I need the number of lines in the following entries that hold the word "with", and no other text.

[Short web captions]
• • • • •
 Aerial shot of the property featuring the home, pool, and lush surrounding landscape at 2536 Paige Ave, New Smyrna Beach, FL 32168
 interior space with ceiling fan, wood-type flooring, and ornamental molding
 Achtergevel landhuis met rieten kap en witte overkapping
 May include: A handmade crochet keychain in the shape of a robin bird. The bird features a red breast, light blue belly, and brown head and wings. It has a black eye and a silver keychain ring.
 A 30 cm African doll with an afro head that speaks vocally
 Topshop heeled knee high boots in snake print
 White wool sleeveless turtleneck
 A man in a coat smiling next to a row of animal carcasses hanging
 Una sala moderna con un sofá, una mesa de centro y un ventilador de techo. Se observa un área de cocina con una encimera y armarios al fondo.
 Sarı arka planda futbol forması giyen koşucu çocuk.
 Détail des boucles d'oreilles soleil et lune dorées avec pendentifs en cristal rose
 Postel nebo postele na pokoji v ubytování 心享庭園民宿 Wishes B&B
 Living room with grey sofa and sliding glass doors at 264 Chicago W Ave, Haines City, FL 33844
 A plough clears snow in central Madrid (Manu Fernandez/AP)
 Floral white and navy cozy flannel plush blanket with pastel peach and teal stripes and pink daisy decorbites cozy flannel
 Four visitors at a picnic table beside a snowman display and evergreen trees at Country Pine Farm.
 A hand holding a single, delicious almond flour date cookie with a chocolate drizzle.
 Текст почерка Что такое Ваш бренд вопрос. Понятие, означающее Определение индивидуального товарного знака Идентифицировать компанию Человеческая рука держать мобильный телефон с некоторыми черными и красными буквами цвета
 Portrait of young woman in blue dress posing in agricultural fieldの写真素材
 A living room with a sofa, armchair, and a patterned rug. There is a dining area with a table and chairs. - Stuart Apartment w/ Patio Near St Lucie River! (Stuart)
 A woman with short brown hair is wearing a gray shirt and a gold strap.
• • • • •
■ **Reply to the task**:
7